On Dahuyan's point, the latest on Iraq's political/governance structure:

http://www.kurdishglobe.net/displayP...4CF9297CDAB21C

The article does a fair job of explaining some of the many unresolved sub-national issues pending in Iraq--mostly still chafing at the Baathist restructurings of 1976 and beyond.

Salah ad Din's testing of the Article 140 right to form its own region---the same as KRG---with broad political freedoms separate from a Central government.

In large part, the right to regional governance ala Article 140 is heavily supported by all sides (as a refuge from Central government abuse) but with many varying maelstroms of conflict around the practicalities of it. Central government sends a fixed percentage of money; own courts; police, internal army, etc... (Just like KRG, and what Ganulv's reported proposal suggests).

If Salah ad Din were its own largely Sunni region, does Balad/Ad DuJail (mostly Shia) return to Baghdad Amenate, as geography, population and political history factors suggest?
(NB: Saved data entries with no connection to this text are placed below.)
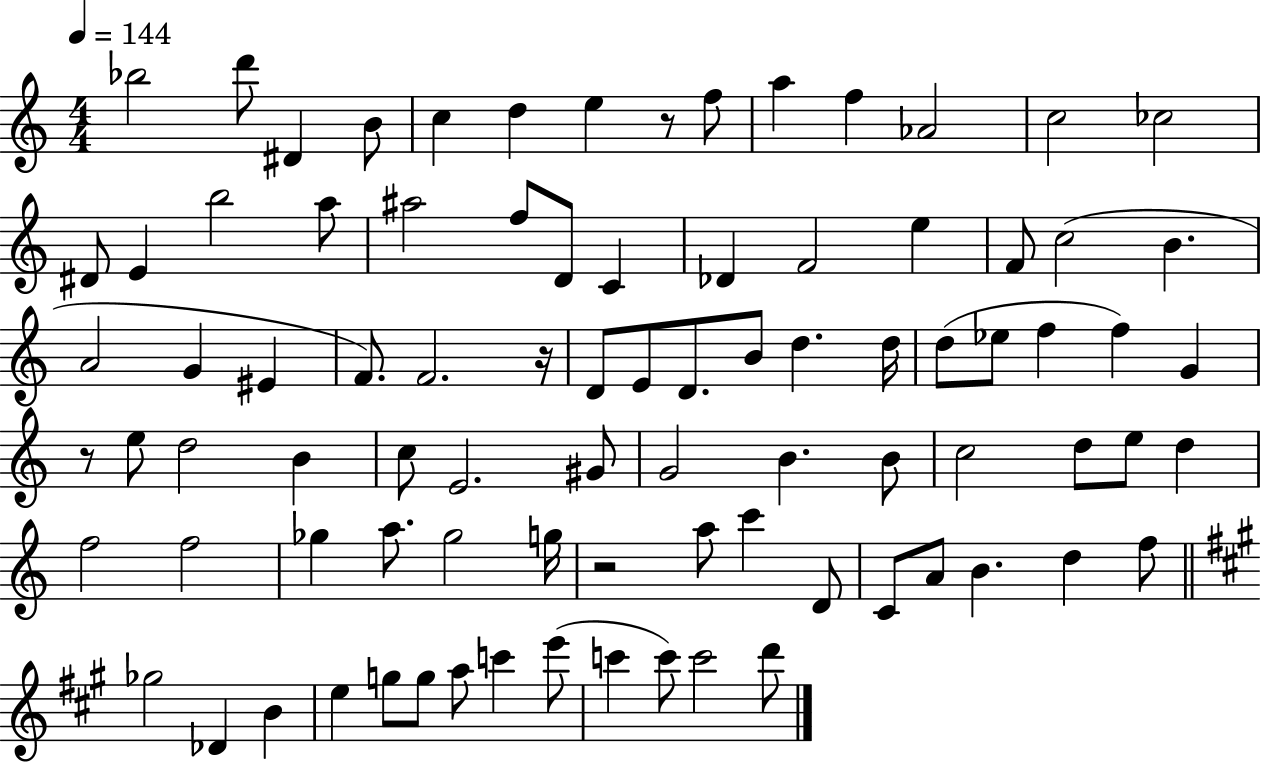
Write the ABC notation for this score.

X:1
T:Untitled
M:4/4
L:1/4
K:C
_b2 d'/2 ^D B/2 c d e z/2 f/2 a f _A2 c2 _c2 ^D/2 E b2 a/2 ^a2 f/2 D/2 C _D F2 e F/2 c2 B A2 G ^E F/2 F2 z/4 D/2 E/2 D/2 B/2 d d/4 d/2 _e/2 f f G z/2 e/2 d2 B c/2 E2 ^G/2 G2 B B/2 c2 d/2 e/2 d f2 f2 _g a/2 _g2 g/4 z2 a/2 c' D/2 C/2 A/2 B d f/2 _g2 _D B e g/2 g/2 a/2 c' e'/2 c' c'/2 c'2 d'/2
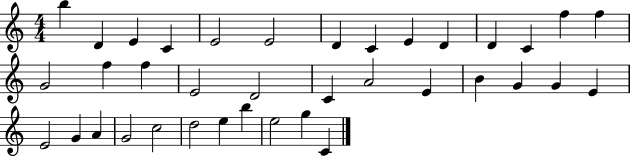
X:1
T:Untitled
M:4/4
L:1/4
K:C
b D E C E2 E2 D C E D D C f f G2 f f E2 D2 C A2 E B G G E E2 G A G2 c2 d2 e b e2 g C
What to make of Sammara, a Sunni city of great Shia religious significance and national importance?

Does, as the Kurdish article suggests, Kirkuk become reconstituted, with Kalar, Kifri and Tuz Hormatu get re-attached (whether from Sulimaniya or Salah ad Din)?
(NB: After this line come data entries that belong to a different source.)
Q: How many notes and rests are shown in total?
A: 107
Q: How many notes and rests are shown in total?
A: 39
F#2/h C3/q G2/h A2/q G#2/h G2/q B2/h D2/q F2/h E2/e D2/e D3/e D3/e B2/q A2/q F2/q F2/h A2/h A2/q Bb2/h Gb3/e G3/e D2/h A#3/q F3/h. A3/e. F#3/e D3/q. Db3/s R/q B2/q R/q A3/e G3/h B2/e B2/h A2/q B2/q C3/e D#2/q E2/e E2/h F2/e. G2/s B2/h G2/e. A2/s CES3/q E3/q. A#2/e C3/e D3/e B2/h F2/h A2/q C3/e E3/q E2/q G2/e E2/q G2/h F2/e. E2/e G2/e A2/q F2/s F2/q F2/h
If all this rolling back to pre-1976 sub-national structures were considered, what about returning the Haj Trail lands (the routes from Qom to Karbala/Najaf to Mecca) back to those cities, and away from Sunni Anbar?

The maps and history of all of this are in an article on Musings on Iraq:

http://musingsoniraq.blogspot.com/20...nance-and.html

The answers, however, rapidly become complex local ones---as Dayuhan wisely surmises, these are not questions for a foreign power to address, but ones that must evolve, or be fought through by locals.

In truth, Ganulv's reported solutions are, in fact, identical to what is on the front boiler in Iraq today (and will be immediately after our major departure from Afghanistan), whether we pay attention to it or not.

When this issue (Disputed Internal Boundaries) came to the fore in Iraq in 2008 and 2009, Ambassador Crocker wisely determined (to the surprise of many) that these were not issues which the foreigners should push on the Iraqis, but ones they must resolve.

The reason this format of regional governance structures with minimal national power continues to re-emerge is that it is the only historical one that has, over centuries, provided success for these lands in lieu of a major dictatorial power.

There is often more wisdom in history than we care to acknowledge where it conflicts with our intentions.